Lamentavelmente, este record esteve administrativamente em perigo em 2011 quando a IAAF quis anular as marcas que tivessem sido obtidas em provas mistas, o que era o caso das 2.15.25 de Paula Radcliffe mas não os também seus 2.17.18 que ficariam como record vigente, no que seria um enorme crime contra este feito inolvidável.
Felizmente voltaram atrás, digamos a 50%, criando 2 records, o absoluto e o de provas exclusivas femininas (pode ser realizado em provas mistas mas com partida antecipada).
Este é um assunto, na minha opinião, altamente controverso. Uma atleta ser acompanhada por um homem pode ajudar mas continuam a ser as suas pernas a conseguir cumprir a distância.
Fala-se em ajuda competitiva. Pergunto eu: Será de criar dois records no sector masculino para os realizados com recurso a lebres e os sem lebres?
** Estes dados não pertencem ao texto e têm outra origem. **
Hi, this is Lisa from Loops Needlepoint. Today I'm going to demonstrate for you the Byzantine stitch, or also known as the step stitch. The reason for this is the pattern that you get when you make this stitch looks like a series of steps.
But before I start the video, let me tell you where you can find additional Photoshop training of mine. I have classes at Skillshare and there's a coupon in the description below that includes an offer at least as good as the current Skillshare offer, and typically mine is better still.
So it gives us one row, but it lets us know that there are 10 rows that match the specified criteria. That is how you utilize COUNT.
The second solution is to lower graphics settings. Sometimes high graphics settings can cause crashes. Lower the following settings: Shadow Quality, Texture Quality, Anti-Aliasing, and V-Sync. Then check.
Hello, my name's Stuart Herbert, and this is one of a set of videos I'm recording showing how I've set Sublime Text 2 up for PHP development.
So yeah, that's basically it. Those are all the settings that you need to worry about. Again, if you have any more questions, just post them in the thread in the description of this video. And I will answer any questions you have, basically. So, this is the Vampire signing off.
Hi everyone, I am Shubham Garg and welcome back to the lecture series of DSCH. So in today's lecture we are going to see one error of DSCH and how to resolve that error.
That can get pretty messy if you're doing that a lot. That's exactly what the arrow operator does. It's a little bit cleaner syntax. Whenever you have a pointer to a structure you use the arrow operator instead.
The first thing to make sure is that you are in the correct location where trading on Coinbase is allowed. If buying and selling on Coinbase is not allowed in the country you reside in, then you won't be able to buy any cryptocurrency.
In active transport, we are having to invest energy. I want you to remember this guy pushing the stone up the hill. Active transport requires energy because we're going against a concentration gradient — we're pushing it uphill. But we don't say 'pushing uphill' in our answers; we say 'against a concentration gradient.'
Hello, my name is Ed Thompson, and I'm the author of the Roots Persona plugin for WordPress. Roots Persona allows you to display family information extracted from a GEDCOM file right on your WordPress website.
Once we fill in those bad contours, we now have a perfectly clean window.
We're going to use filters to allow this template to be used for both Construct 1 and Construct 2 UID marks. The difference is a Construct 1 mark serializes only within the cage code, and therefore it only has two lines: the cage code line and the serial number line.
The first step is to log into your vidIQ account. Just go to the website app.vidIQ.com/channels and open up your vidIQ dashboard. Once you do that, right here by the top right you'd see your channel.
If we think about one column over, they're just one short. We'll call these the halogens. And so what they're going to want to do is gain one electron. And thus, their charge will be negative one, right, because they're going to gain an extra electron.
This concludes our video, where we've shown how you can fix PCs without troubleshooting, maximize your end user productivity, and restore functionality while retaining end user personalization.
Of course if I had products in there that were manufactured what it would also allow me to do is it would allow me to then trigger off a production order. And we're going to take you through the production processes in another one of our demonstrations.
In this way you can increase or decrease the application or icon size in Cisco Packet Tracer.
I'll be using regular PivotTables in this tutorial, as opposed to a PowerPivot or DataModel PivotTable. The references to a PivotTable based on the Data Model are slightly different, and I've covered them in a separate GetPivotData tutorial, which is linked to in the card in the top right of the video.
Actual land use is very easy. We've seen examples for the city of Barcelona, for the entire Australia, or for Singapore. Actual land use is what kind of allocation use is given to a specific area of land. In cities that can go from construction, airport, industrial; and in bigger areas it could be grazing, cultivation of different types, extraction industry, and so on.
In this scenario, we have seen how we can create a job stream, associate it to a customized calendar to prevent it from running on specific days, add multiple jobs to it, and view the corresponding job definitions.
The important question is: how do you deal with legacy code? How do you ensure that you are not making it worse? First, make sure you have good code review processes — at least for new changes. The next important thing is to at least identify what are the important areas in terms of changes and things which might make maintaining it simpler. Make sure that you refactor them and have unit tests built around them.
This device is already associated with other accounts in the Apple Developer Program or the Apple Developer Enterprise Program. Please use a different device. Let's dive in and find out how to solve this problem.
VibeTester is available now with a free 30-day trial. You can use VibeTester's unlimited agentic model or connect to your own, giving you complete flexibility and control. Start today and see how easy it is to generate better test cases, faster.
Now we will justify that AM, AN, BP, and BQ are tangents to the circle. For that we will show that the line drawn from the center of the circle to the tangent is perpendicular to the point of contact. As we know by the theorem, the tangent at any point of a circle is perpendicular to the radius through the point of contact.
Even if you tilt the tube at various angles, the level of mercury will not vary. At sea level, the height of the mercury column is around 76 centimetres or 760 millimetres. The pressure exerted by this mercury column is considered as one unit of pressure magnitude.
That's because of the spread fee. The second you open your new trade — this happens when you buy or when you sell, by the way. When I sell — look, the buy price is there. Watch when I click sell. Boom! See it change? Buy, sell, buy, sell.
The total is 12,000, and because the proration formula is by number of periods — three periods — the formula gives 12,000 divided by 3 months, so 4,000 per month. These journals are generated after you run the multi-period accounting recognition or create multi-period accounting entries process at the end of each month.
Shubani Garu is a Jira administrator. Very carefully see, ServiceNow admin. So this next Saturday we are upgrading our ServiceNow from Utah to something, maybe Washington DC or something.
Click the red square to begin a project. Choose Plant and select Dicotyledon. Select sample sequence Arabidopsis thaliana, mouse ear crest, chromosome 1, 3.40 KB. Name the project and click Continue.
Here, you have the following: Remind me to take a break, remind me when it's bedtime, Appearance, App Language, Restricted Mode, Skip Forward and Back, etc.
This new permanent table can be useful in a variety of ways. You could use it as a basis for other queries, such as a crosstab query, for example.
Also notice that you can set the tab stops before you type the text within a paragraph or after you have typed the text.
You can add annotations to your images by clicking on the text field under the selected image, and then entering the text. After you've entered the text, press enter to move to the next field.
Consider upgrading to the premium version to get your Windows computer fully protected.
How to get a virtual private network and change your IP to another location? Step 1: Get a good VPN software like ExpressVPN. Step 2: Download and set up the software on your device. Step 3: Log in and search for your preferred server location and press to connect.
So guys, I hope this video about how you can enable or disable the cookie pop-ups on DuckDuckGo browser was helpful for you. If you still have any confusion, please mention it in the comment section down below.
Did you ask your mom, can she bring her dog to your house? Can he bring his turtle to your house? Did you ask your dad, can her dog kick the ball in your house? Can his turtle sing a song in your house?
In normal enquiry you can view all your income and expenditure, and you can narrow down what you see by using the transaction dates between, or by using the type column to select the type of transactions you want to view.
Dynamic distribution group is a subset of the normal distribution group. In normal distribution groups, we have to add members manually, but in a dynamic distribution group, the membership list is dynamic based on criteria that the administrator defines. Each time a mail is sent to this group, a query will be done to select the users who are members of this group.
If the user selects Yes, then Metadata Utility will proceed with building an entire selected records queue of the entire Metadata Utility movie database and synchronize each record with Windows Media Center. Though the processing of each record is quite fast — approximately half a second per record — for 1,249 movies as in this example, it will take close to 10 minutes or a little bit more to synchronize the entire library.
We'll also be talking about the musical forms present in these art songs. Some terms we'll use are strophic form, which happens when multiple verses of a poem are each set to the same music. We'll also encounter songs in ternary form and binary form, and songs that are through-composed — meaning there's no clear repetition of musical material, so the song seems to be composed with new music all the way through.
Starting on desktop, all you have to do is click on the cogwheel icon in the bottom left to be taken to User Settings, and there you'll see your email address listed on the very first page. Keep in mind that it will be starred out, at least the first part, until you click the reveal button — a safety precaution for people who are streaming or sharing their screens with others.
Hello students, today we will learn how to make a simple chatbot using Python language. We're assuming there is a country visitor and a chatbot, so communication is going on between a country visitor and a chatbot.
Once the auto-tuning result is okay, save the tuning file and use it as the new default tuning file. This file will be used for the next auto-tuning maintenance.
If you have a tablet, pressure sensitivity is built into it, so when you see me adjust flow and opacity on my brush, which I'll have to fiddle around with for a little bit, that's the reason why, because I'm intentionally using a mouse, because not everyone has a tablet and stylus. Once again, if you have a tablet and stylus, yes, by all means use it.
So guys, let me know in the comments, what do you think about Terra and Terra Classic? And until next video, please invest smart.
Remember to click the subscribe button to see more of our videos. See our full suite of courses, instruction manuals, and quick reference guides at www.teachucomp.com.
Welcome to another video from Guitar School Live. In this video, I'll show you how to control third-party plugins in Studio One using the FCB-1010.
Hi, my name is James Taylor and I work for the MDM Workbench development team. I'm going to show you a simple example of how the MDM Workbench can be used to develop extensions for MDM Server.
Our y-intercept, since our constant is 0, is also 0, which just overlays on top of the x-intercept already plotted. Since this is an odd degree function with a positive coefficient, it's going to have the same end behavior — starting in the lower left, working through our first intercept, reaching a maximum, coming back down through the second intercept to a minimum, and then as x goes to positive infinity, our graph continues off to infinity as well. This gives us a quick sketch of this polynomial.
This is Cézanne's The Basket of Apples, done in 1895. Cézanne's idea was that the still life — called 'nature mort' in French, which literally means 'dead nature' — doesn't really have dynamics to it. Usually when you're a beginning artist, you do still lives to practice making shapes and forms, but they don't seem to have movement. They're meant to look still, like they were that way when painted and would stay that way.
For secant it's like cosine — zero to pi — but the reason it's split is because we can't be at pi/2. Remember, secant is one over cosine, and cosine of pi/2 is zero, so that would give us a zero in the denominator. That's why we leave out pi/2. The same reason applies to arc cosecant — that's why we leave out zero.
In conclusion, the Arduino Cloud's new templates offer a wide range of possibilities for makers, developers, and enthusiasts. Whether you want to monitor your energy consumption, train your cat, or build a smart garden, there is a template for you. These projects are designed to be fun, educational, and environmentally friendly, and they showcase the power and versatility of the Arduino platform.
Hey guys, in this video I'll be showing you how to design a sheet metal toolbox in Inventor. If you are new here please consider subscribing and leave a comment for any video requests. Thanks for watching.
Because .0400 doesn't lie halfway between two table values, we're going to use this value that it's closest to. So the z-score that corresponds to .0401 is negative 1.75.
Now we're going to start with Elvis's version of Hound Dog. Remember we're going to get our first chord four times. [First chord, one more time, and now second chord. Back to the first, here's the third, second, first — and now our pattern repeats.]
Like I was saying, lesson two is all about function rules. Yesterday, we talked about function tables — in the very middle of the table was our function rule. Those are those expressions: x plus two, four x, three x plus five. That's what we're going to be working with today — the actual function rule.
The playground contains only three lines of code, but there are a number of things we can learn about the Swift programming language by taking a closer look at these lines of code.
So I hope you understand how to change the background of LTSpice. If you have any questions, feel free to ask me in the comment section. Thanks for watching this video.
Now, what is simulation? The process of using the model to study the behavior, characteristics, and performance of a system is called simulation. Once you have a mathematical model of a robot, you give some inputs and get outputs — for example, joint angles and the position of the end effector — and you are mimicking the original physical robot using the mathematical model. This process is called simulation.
Pela anterior consideração, a utilização de lebres não será também uma ajuda competitiva?
Sim, sei que seria muito difícil de policiar. Um atleta poderia servir de lebre, puxando demais no início e depois desistir e poderia ser utilizado o argumento que iria realizar toda a prova mas não geriu o andamento. Não seria possível provar que apenas tinha ido para servir de lebre nem provar que o atleta vencedor foi ajudado pelo facto.
E no sector feminino? Como provar que sem a presença de atletas masculinos a atleta não faria o mesmo?
Como disse, é controverso e, na minha opinião muito pessoal, a IAAF não deveria ter criado esta clivagem. Mas já sou eu a divagar pois o que conta hoje é reter a efeméride deste fantástico e inacreditável record mundial.
Foi há 15 anos. Quantos mais durará e quem o poderá bater?